What you are asked to do >> Your output should consist of the lines from the first line of the records below through the one with "Elegantes Restaurantinterieur mit", exactly, minus the pictures.

(Short text fragments from websites)
------------------------------------------------
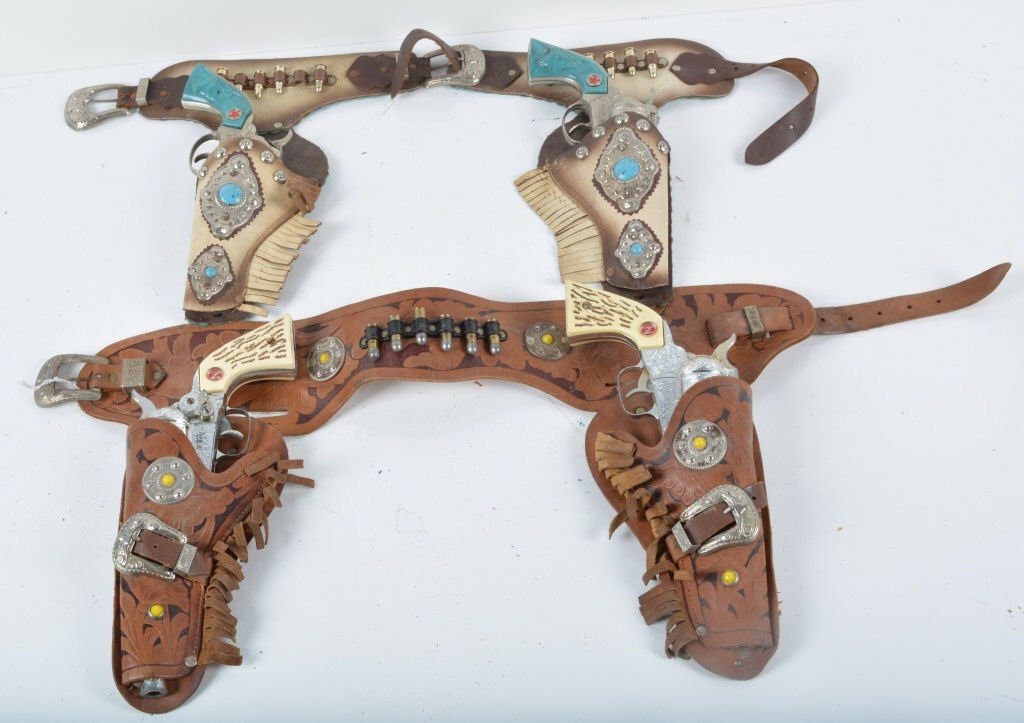 Lot of 2 Vintage CAP GUN HOLSTER SETS: Includes 2 Turquoise Texan Jr Cap Guns in matching Leather and Turquoise Holster and 2 Nichols Mustang Cap Guns in Leather Holster. All original with some play wear. Very Good
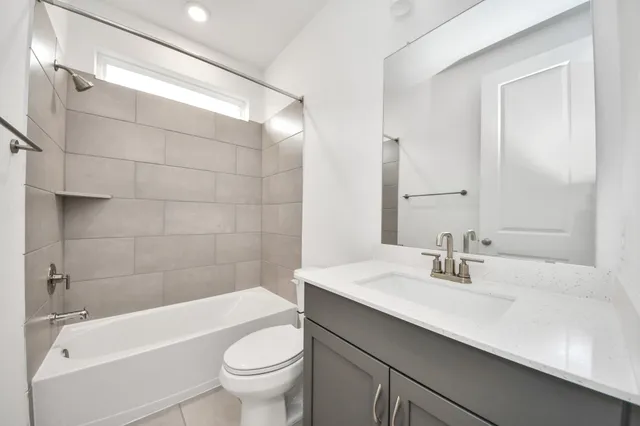 a bathroom with a sink a toilet a mirror a bathtub and shower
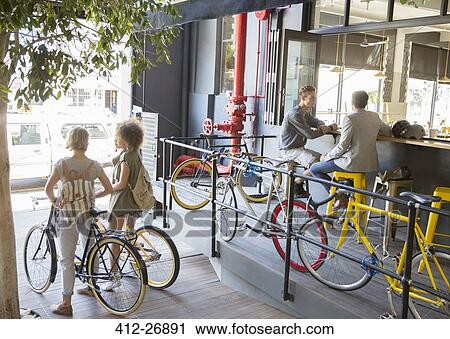 People with bicycles at urban outdoor cafe View Large Photo Image Stock Image - People with bicycles at urban outdoor cafe. Fotosearch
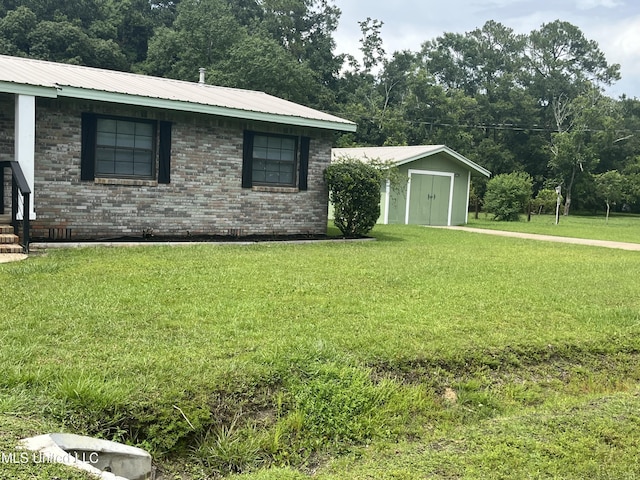 7701 Harold Ave, Moss Point, MS 39563 - view of property exterior featuring a yard, a storage shed, brick siding, and a metal roof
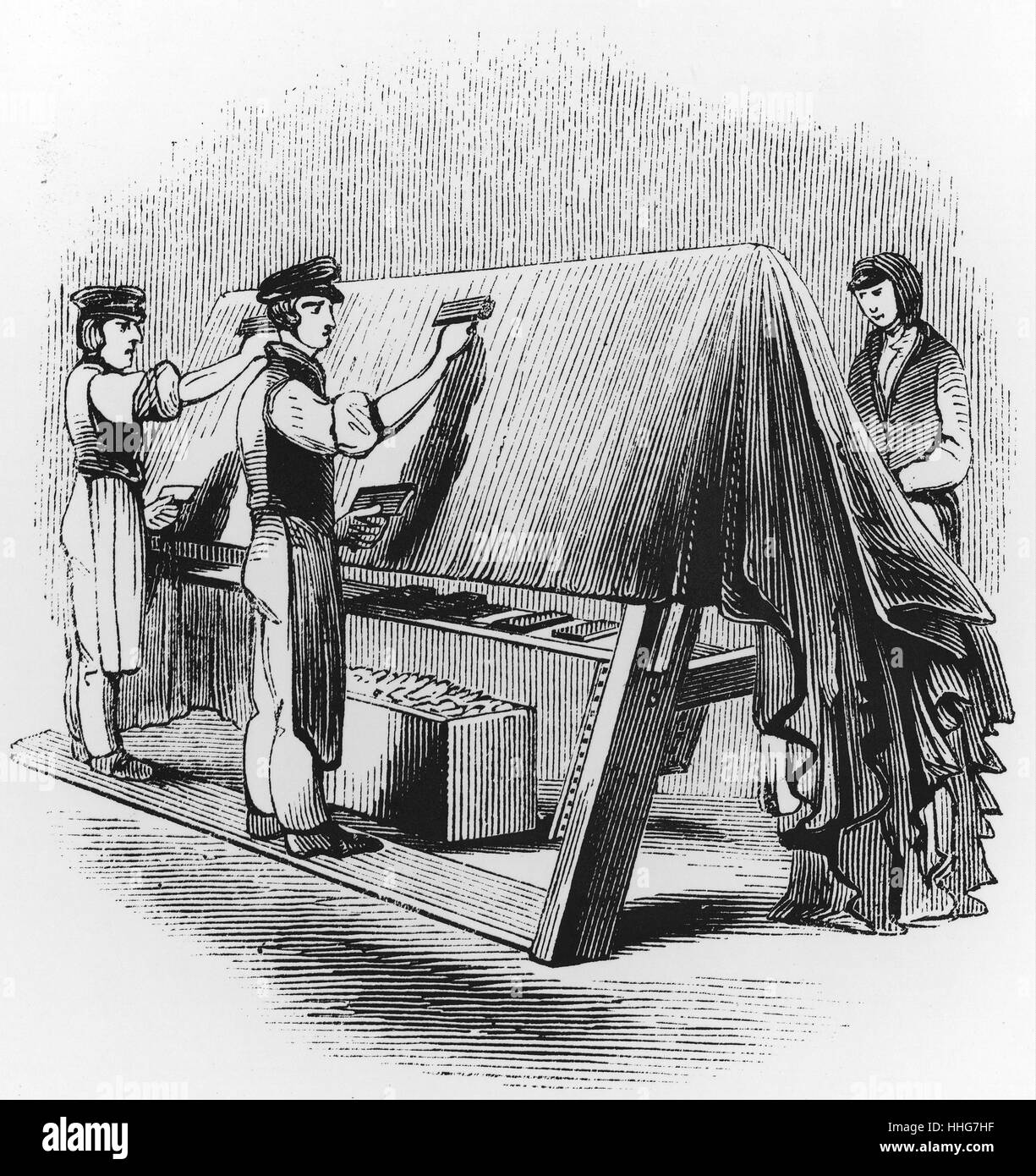 Illustration depicting the hand raising the nap of woollen cloth using Teazles fitted in frames. Dated 19th Century Stock Photo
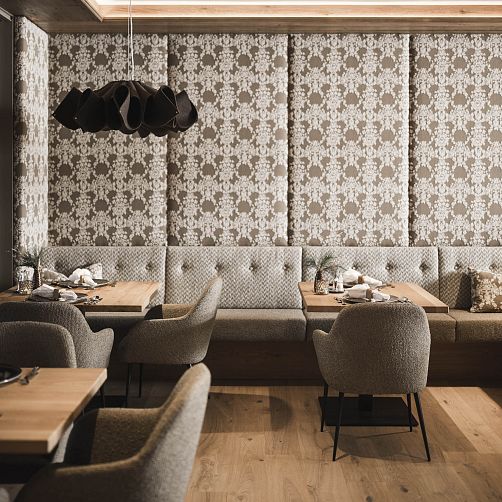 Elegantes Restaurantinterieur mit gepolsterten Stühlen, Holztischen und dekorativer Wandverkleidung.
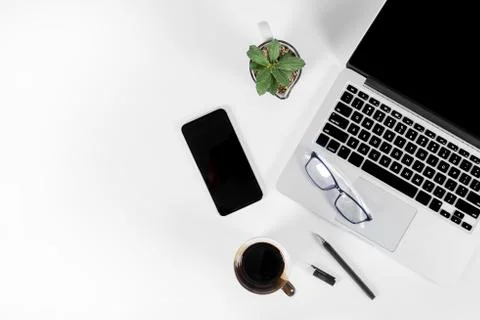 Office table with laptop computer, smartphone, pen, notebook and coffee on is Stock Photos
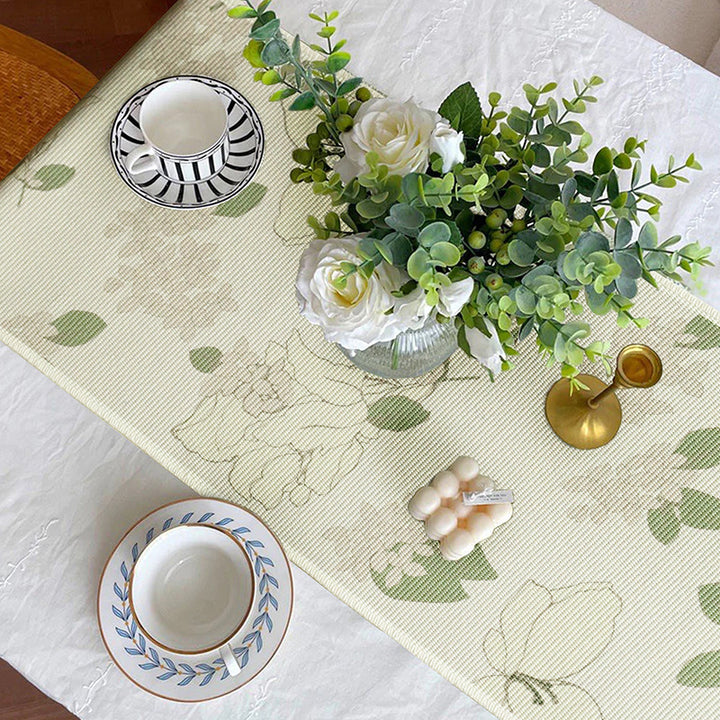 Woven table runner with floral jacquard pattern and fringed edge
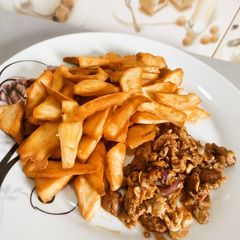 A picture of Fried sweet potatoes with Egg and Sausage sauce.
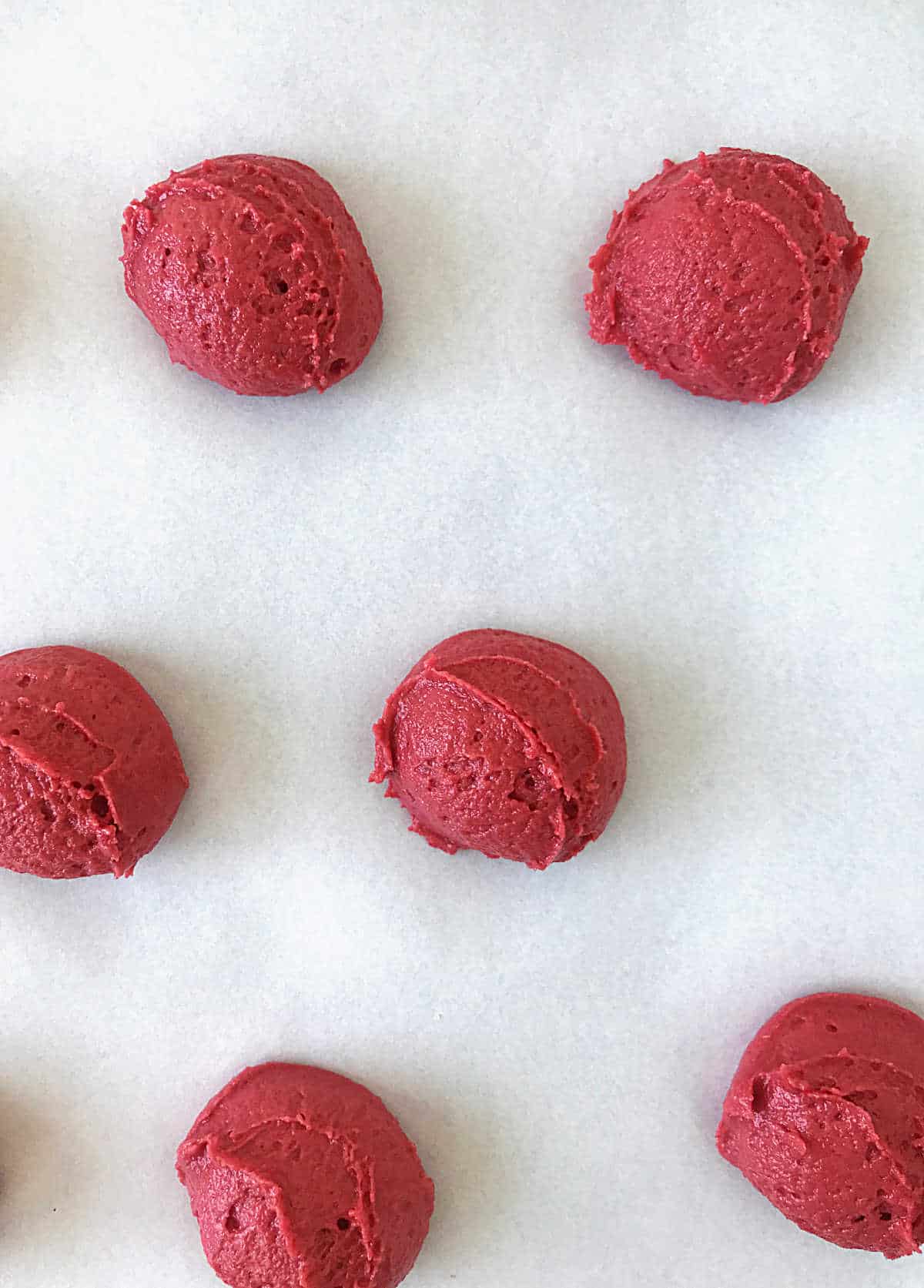 Mounds of red velvet whoopie pie batter on parchment paper ready to be baked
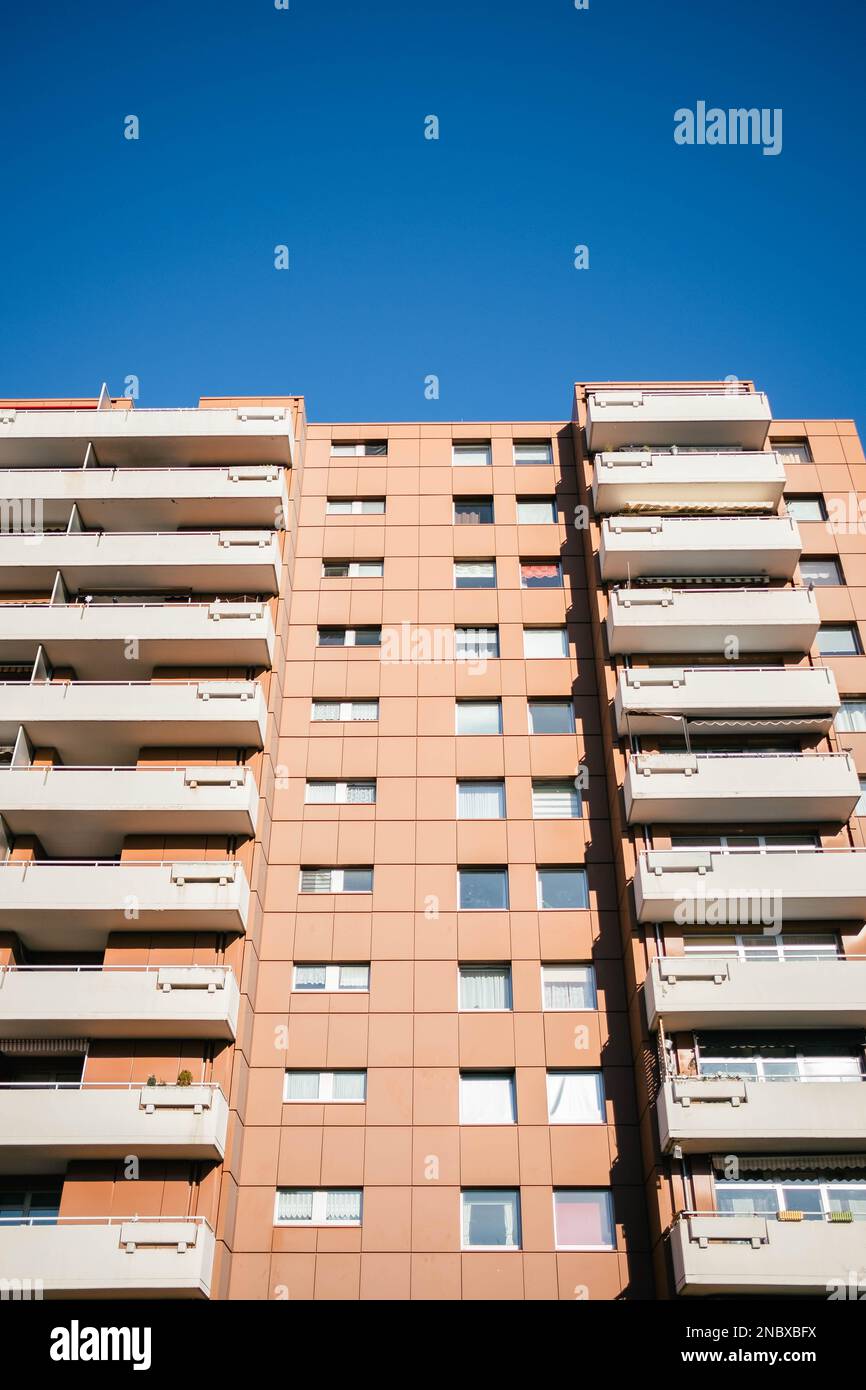 A prefabricated house in the ghetto under a blue sky. The high-rise ...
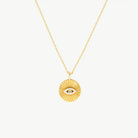 A cubic zirconia-set Evil Eye motif on a radiating fan disc background, suspended from a yellow gold chain on a cream background 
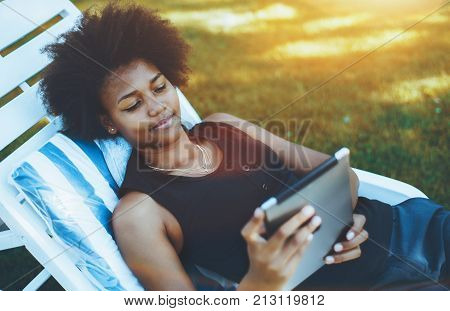 Close-up view of young charming Brazilian woman laying on deck chair and watching movie on her tablet pc; black cute curly girl on daybed in park chatting with her friend using digital tablet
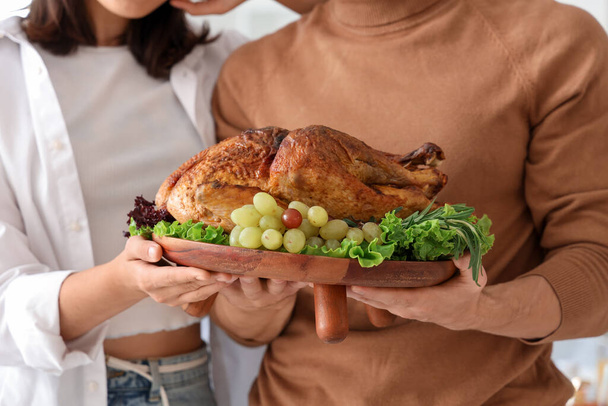 Jeune couple avec dinde savoureuse à la maison le jour de Thanksgiving, gros plan - Photo, image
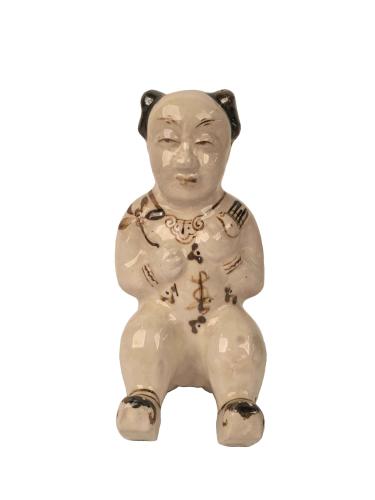 CHINESE CERAMIC FIGURE OF A SEATED INFANT by 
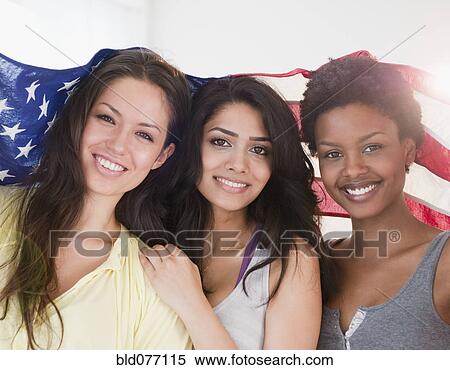 Friends wrapping themselves in American flag View Large Photo Image Stock Photography - Friends wrapping themselves in American flag. Fotosearch
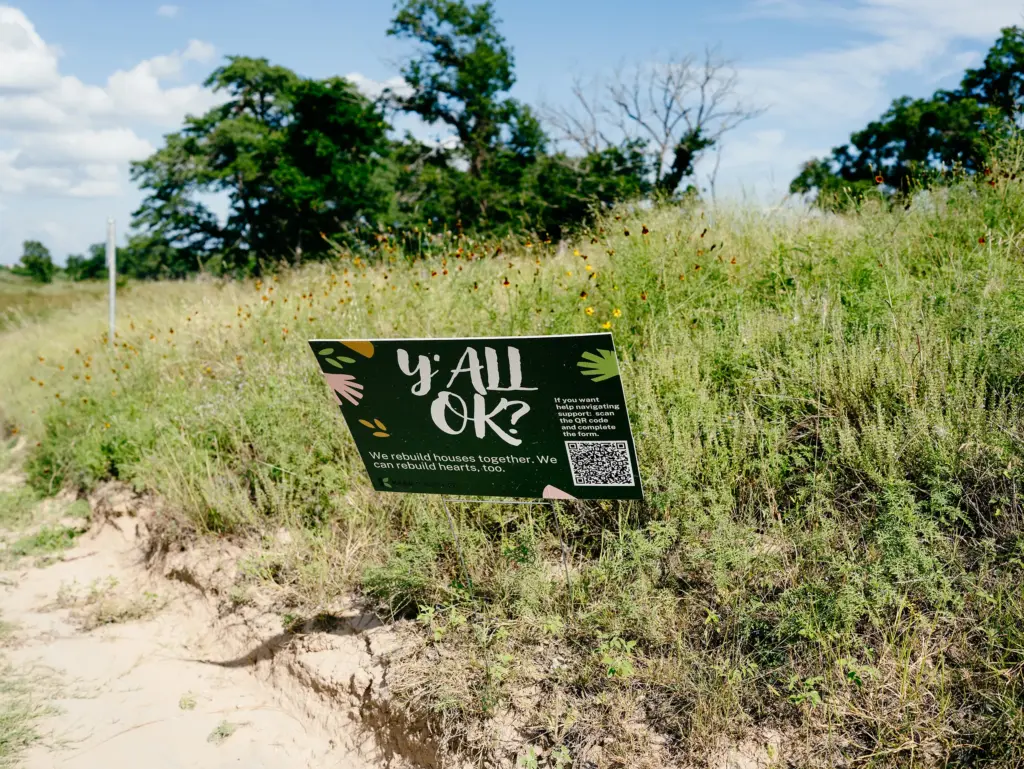 A sign on the side of the road in Center Point offers resources for flood relief.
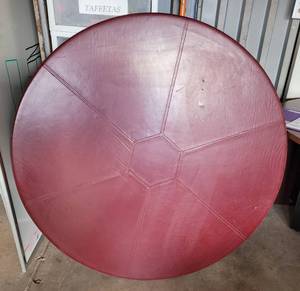 lot 87 image: ROUND LEATHER-STYLE OFFICE TABLE WITH SOLID HEAVY MARBLE BASE AS SHOWN. SEE PICTURES. DISASSEMBLED.
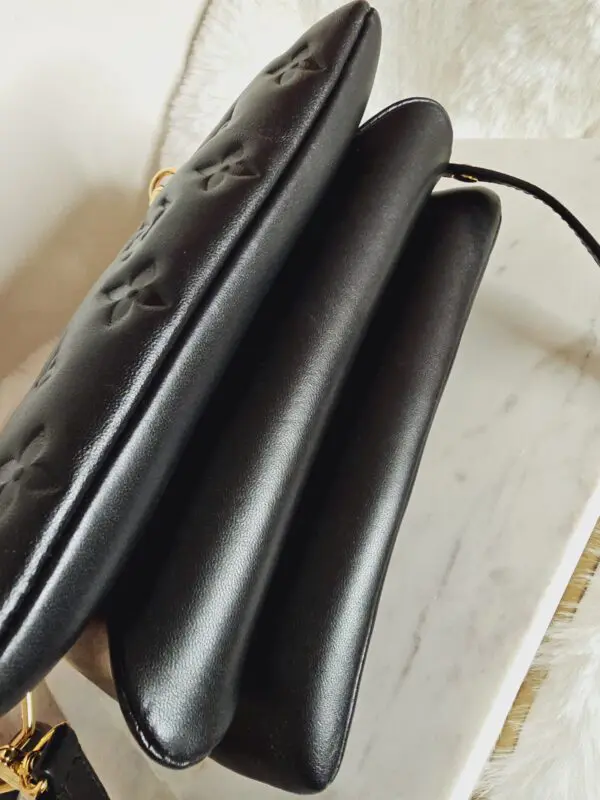 A close up of three black hair dryers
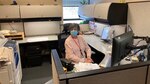 Linda Bumgarner posse for a picture at her desk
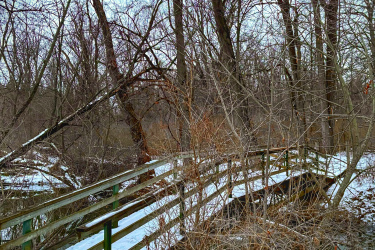 A snow-covered wooden bridge crossing a small stream, surrounded by bare trees and shrubs in a winter setting. The sky is overcast, creating a serene atmosphere in the natural landscape. Rotary Memorial Trail mountain bike trail.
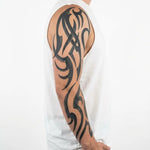 Tatuaggio semi-permanente INKON Flowing Tribal Sleeve applicato su un uomo – design 8 x 20 in (20x50cm), aspetto realistico dell'inchiostro, dura 10 giorni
------------------------------------------------
Result >>
 Lot of 2 Vintage CAP GUN HOLSTER SETS: Includes 2 Turquoise Texan Jr Cap Guns in matching Leather and Turquoise Holster and 2 Nichols Mustang Cap Guns in Leather Holster. All original with some play wear. Very Good
 a bathroom with a sink a toilet a mirror a bathtub and shower
 People with bicycles at urban outdoor cafe View Large Photo Image Stock Image - People with bicycles at urban outdoor cafe. Fotosearch
 7701 Harold Ave, Moss Point, MS 39563 - view of property exterior featuring a yard, a storage shed, brick siding, and a metal roof
 Illustration depicting the hand raising the nap of woollen cloth using Teazles fitted in frames. Dated 19th Century Stock Photo
 Elegantes Restaurantinterieur mit gepolsterten Stühlen, Holztischen und dekorativer Wandverkleidung.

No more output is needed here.